Study population and setting
The goal of this study was to provide a comprehensive summary of SARS-CoV-2 transmission within Wisconsin schools kept open during the height of the state’s COVID-19 epidemic. This study took place in 17 K-12 schools in Wood County, Wisconsin between August 31 and November 29, 2020. In total, 8 elementary and 9 secondary schools participated, including both public and private school districts. There were 4,876 students and 654 staff members in the participating schools during the study period. In Wood County, the vast majority of students attended in-person school, with only 12.4% enrolled in virtual education. During the study period, participating schools reported a variety of COVID-19 mitigation measures, including the following: provision of free masks, mask requirements indoors and within 6 feet of anyone while outdoors, class cohorting, restricted seating arrangements during lunch hour and within classrooms, and home isolation and quarantine for students and staff with COVID-19 symptoms or for students with siblings in the school exhibiting COVID-19 symptoms.
Student mask compliance and attendance was reported by teachers through weekly online surveys. Cases of COVID-19 in schools were determined through public testing and reporting by school administrators. Determination of whether confirmed SARS-COV-2 infections among school students and staff had occurred within or outside of school was done collaboratively through investigations conducted by school and local public health authorities. County-level case counts and percent positivity among individuals testing for SARS-COV-2 were assessed using the county COVID-19 public dashboard and compared to case rates in schools. No surveillance testing (i.e., asymptomatic testing) was conducted among either the school or local county population. During the study period, local transmission of COVID-19 was high with 7-40% of county SARS-COV-2 tests being positive.
Summary of Main Findings
There were 191 confirmed cases of SARS-CoV-2 identified among students and staff members in the 17 participating schools. Among these cases, only 3.1% (n=7) were attributed to within school transmission events as determined by school and public health authorities. During the study period, the SARS-COV-2 case rate in the local community was 5,466 per 100,000 persons, whereas it was only 3,453 per 100,000 in the participating schools (i.e., a 37% relative reduction in cases among the school versus county population). Overall, student mask compliance during the study period was high, with weekly compliance ranging from 92.1% to 97.4%; however, the teacher response rate to mask compliance surveys was only 54%
The study linked a variety of data sources to provide a comprehensive summary of SARS-CoV-2 transmission within Wisconsin schools kept open during the height of the state’s COVID-19 epidemic. Individual case investigations enabled researchers to determine whether COVID-19 cases detected in schools likely arose from school or community exposure.

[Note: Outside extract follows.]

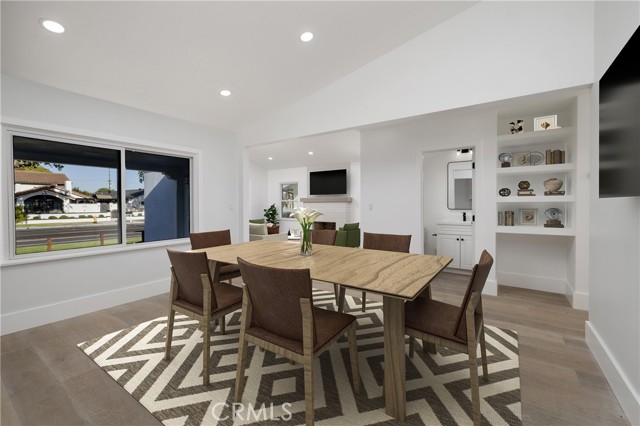 MLS #OC25157821 image #1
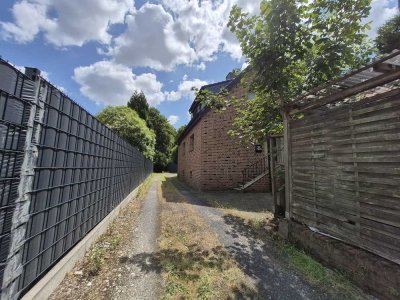 Ein-/Zweifamilienhaus mit 6 Zimmer, Innenhof & Doppelgarage in Viersen-Hamm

There were several major limitations to this study. First, because no routine surveillance testing was performed, we only have data on individuals who opted to be tested, most likely because they were symptomatic. As a result, we do not know the true number of infections in either the schools or local community. It is likely that both the testing behaviors and rates of cases that were symptomatic were different among the two populations. If, for example, school aged children are more likely to be asymptomatic, they will test less often per infection, and overall have more undetected cases. Furthermore, the two populations are likely to be different in social patterns, health status, age, etc. that makes comparing the school and general community populations difficult. Second, attributing cases to particular infection locations is very difficult in practice. Notably, all 191 cases detected in the school population here would have had exposure to both school and household/community exposures. Given that no details were provided on how cases were determined to have arisen from school vs. community settings, it is impossible to assess whether methods of source attribution were potentially biased. Third, mask wearing behavior was only reported by half of all teachers, and these reports may have been biased toward reporting higher mask compliance as a consequence of social desirability-biases. Lastly, it is unclear whether the schools selected for participation in this study represented all schools in the county. This raises questions about how schools were selected for the study and how many of the community cases identified were actually attributable to school vs. community transmission.
This study adds to a growing body of literature on SARS-CoV-2 transmission within schools. This is one of the first studies to systematically assess SARS-CoV-2 transmission within schools in the United States during a period of high community transmission.